**Exercise instructions:** After finding the line with "High-End White Solid Wood Sideboard" in the entries below, retype exactly each line from there through the line with "Blank mockup of", including that final line.

━━━━━ Data provided

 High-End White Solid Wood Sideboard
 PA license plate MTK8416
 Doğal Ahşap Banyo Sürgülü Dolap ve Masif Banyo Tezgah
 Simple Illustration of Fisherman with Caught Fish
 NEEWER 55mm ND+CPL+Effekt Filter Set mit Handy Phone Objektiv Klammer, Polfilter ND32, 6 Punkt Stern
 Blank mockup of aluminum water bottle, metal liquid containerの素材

━━━━━━━━━━
━━━━━ Data provided

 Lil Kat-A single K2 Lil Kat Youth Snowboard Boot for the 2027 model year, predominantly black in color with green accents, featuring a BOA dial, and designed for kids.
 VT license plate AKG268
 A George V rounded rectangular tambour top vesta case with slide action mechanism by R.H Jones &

━━━━━━━━━━
━━━━━ Data provided

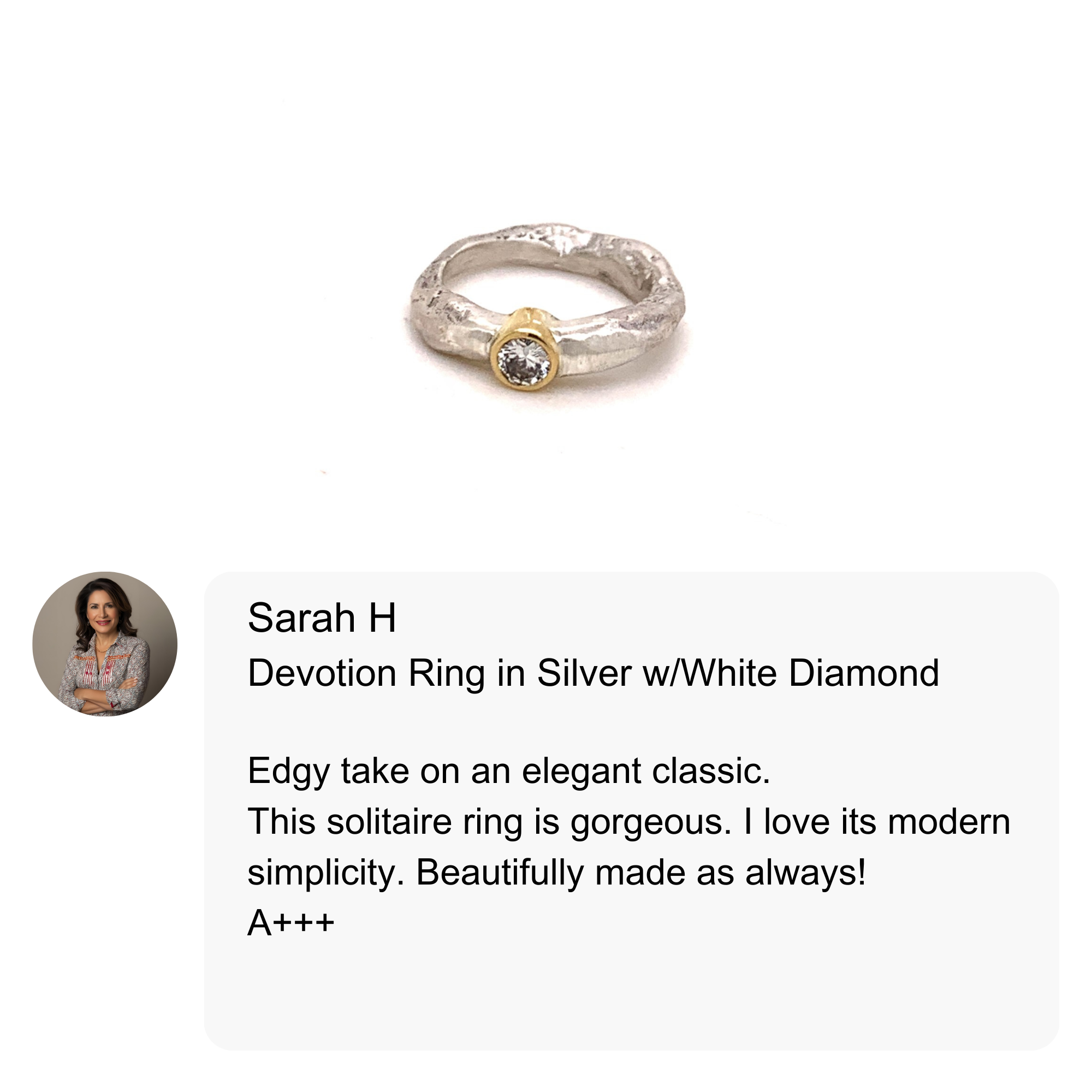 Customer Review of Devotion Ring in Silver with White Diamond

━━━━━━━━━━

**Output for this task:**
 High-End White Solid Wood Sideboard
 PA license plate MTK8416
 Doğal Ahşap Banyo Sürgülü Dolap ve Masif Banyo Tezgah
 Simple Illustration of Fisherman with Caught Fish
 NEEWER 55mm ND+CPL+Effekt Filter Set mit Handy Phone Objektiv Klammer, Polfilter ND32, 6 Punkt Stern
 Blank mockup of aluminum water bottle, metal liquid containerの素材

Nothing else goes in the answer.